Pick: Dump all the junk and just serve up plain green beans instead. If plain beans are too, well, plain for your Thanksgiving table toss in some toasted slivered almonds.
Still not thrilled? I propose a new holiday side dish tradition. Brussels sprouts with toasted pecans. One of the healthiest veggies you’ll find in the produce aisle, Brussels are high in fiber, fight inflammation and are loaded with good-for-you nutrients. Add lightly roasted pecans for crunch and a healthy dose of omega-3s.
Pass: Pass on the pecan pie. This Thanksgiving favorite is one of the worst dessert choices you can make. Any health benefit you may get from pecans is erased by the sky-high amounts of sugar, corn syrup, and refined flour. In fact, pecan pie can have more than 500 calories per slice, and most of that comes from refined sugars.

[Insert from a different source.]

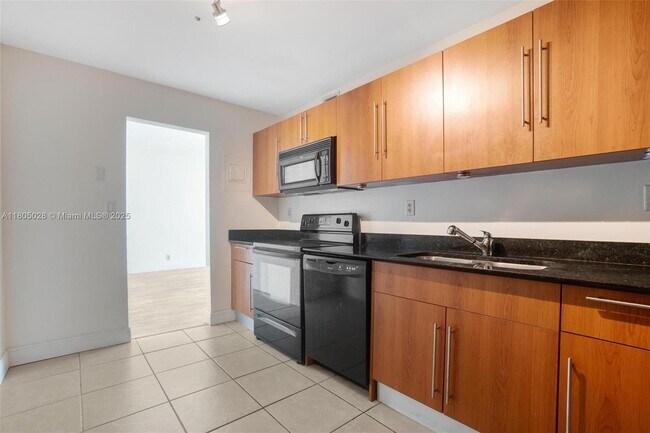 Building Photo - 3000 S Ocean Dr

Pick: Say “yes please” to the pumpkin pie instead. Sure, it’s still a sweet dessert, but it comes with far less sugar than you’ll find in pecan pie. Plus the pumpkin used in the traditional recipe, along with the spices, delivers some healthy nutrients to the table.
Make your own with coconut milk, coconut sugar, and stevia for an even healthier version. And if you bake it in individual ramekins or a glass pie pan, you can have delicious pumpkin pie without the crust.
Pass on these “No Thanks Thanksgiving Foods” for a healthier Thanksgiving holiday.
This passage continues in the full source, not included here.